Православный государь представлялся неким эталоном величия, подобающего истинному монарху. Соседние и вассальные правители сопоставляли с ним собственные возможности и пределы власти16 , отказывались от набегов на российские владения из страха возмездия и признавая военное превосходство русских17 . Когда калмыцкие тайши предложили хану казахского Младшего жуза Абулхайру совершить совместный набег на русские селения, последовал афористичный ответ, в котором концентрировалось признание превосходства России: "Калмыцкая орда - ветр, а Российская империя - непоколебимый столп, и от Российской империи до смерти руки своей не отымать... служить верно будем"18 .
Обширность и многонаселенность Московского царства и Российской империи особо отмечалось современниками. В источниках сквозит не просто удивление, а потрясение этими немыслимыми размерами. "У вас, государей, со сто тысеч городов есть", - восхищался кабардинский мурза в письме Михаилу Федоровичу19 . "А такое де ему (русскому царю. - В. Т. ) Бог подаровал государство великое, моих з 10 есть", - как бы вторил грузинский царь Александр в начале XVII века20 . Причем указание на божественное благоволение обнаруживает признание абсолютной легитимности владения этим беспредельным пространством. Как бы забывая о действительных условиях приобретения территорий, собеседники русских послов высказывали убежденность в том, будто земли не просто захвачены царями в войнах или в результате колонизации, но достались по милости небесных сил. Именно так и формулировал гетман Богдан Хмельницкий в разговоре с московским послом в 1650 г.: "А великово де государя ево царского величества счастье было приспело, что безо всякого дурна подаровал ему, государю, Бог такое великое государство, множество народу"21 .

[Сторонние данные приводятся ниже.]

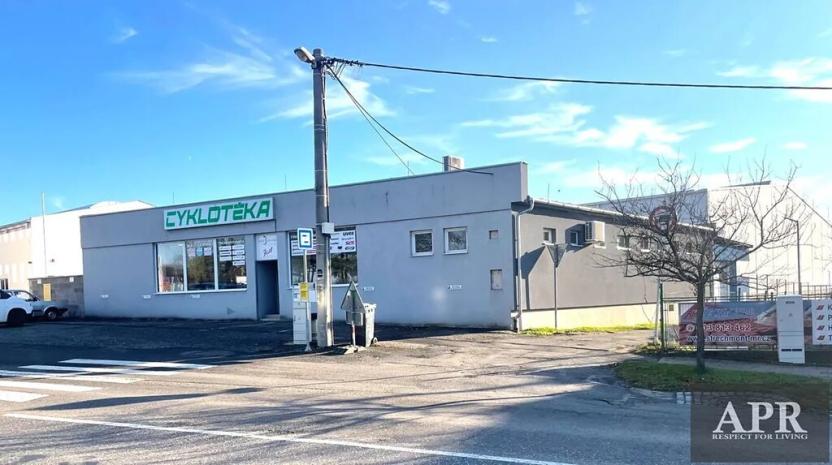 Prodej obchodního prostoru, Hluk, Hlavní, 180 m2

Быстрый территориальный рост и повсеместное признание могущества Российского государства породило в мусульманских странах крамольную, каравшуюся местными властями литературную традицию предсказания грядущего порабощения исламского мира "белым царем". Эта идея возникла, очевидно, в османской среде в середине XVI в., получила некоторое распространение у татар, а в течение последующих ста лет с удовольствием была подхвачена христианскими публицистами России и Грузии22 .
стр. 38
Но сила государства сама по себе может обернуться как на пользу человеку и народу, так и во вред ему, и оценивалась она прагматически. Во-первых, как средство прекращения внутренних междоусобных распрей; народная память связывала с наступлением русского правления пресечение многолетних межплеменных раздоров23 . Во-вторых, как возможность сытого и безопасного существования, а для элиты - и как шанс удачной карьеры. В-третьих, как гарантия защиты от всякого рода иноземных врагов.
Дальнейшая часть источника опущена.